Quick update on the march towards production

Progress is being made, and things are looking good. Wanted to post an update on the march towards production

Code quality via unit test coverage

module	coverage %	test count
apikit	95%	2
canary	0%	0
cli	21%	2
common	100%	40
core	100%	2865
data-mysql	100%	22
errors	100%	2
gossip	100%	33
grpc	100%	62
lsp	97%	29
overlord	28%	1
saas	96%	36
web	98%	37

Went from 2966 tests to 3131 tests, and big improvements in both grpc and saas since last update. I also have Jenkins running every couple of minutes, and the last two days had 500+ test runs all successful. I’ve decided that CLI is going to be primarily manually tested by since as it is a thin shell over a websocket client. Overlord is going to be an interesting test task, but I’m dropping it as a requirement since it’s basically a bunch of cron jobs. With all these tests, my manual testing, the new saas tests, and using the canary give me a feeling that the software is ready for production.

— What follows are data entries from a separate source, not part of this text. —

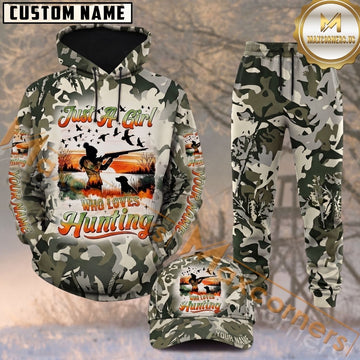 Maxcorners Hunting Just a Girl Hunter Green White Camo Pattern Personalized 3D Combo Hoodie, Sweatpants Set & Cap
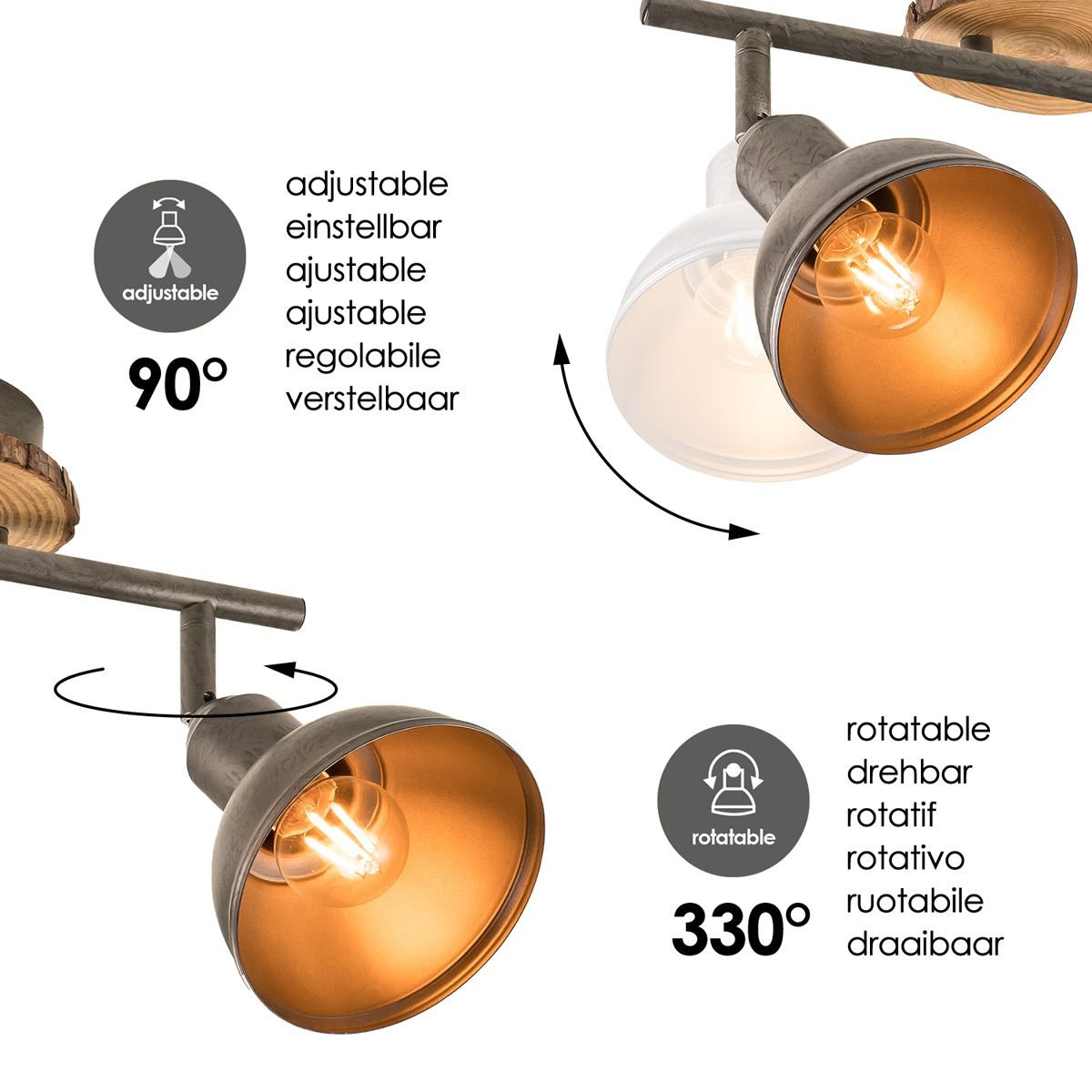 Home Sweet Home Surface-mounted spotlight Denver 2 - incl. dimmable LED lamp - wood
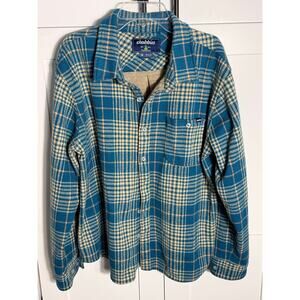 Chubbies Plaid Flannel Shirt Jacket Men’s Medium Blue Tan Button Up Shacket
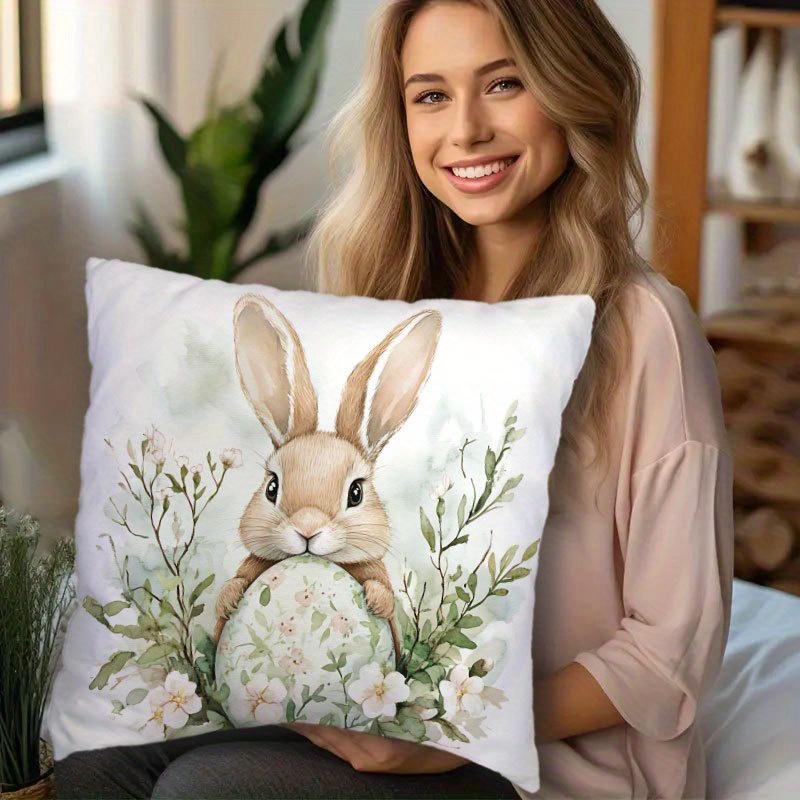 Easter Bunny Floral Egg Pillow Cover Watercolor Spring Decor Soft Microfiber For Sofa Bed Living Room Easter Home Decor Gifts
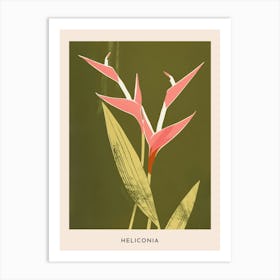 Pink & Green Heliconia 3 Flower Poster Art Print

Staging environment and load testing

I’ve got a personal staging environment for myself, and I’m able to use it and deploy regularly. This staging environment is complete with dashboards, and I’m only missing alerts telling me bad things.

I’ve run the new canary multiple times, and I found a great many bugs. This produced a virtuous cycle of adding metrics, fixing problems, and adding tests. As of now, the software feels very stable and the graphs reflect that.

A big issue however with my staging environment is that I’m running on nanos which burn CPU credits if cpu goes above 5%. This was problematic during some canary loads as stability became a loss, but I was able to see traffic shifts when throttling happened. This helped debug a number of issues, but I eventually ran out of capacity.

Metrics, metrics, and alarms

I’ve learned a decent amount about prometheus, and I’ve got dashboards up with all my metrics. I’m using a metrics factory to build various *Metrics classes which then allow me to generate both consoles/dashboards and alarms.

A key step for production is to use alertsmanager and have them wake me up.

I’m still in the boat of having no clear idea of which errors are my problem versus the customer problem, so I intend to monitor the situation and build a list of error codes which are “customer errors” and then treat the request as a success with a “user error counter”.

Logging - Bad and Good Times

I’ve got Logback setup for both exceptions and for access logs. The apikit was setup to filter which parts of a request to log, so I can study usage without violating privacy.

I’m happy that I’m producing logs, but they are sitting on disk right now. After a few production issues, I need to clean them up or find a partner to offload indexing them. As an operator, I generally prefer just diving onto hosts, so I may also just optimize my tooling for that.

Billing

I’ve got metering in place with a poorly designed rates table. First thing, I need to build production environment and load test it to come up with a reasonable rates.

Once I have a good rates structure, I need to enforce usage limits, set up stripe api, and then connect the dots. Since I intend to start with indies, I’m going to just have a simple “recharge your account manually option” and then setup of recurring billing on customer request.

This is the way

I still have a lot to do!

The short list is:

automate the canary to run within Jenkins
identify which problems are “user problems” (i.e. file not found) versus “system problems” (i.e. no capacity for this request)
the ever present task of more instrumentation, more alarms
bound more queues, but not as high priority
continue to think about capacity management and heat; I can launch now with beefier machines and also introduce capacity before getting too smart.
connecting billing to stripe and send bills
start the public website with some limited visibility to accept credit cards
finish the new documentation site (which uses mdbook)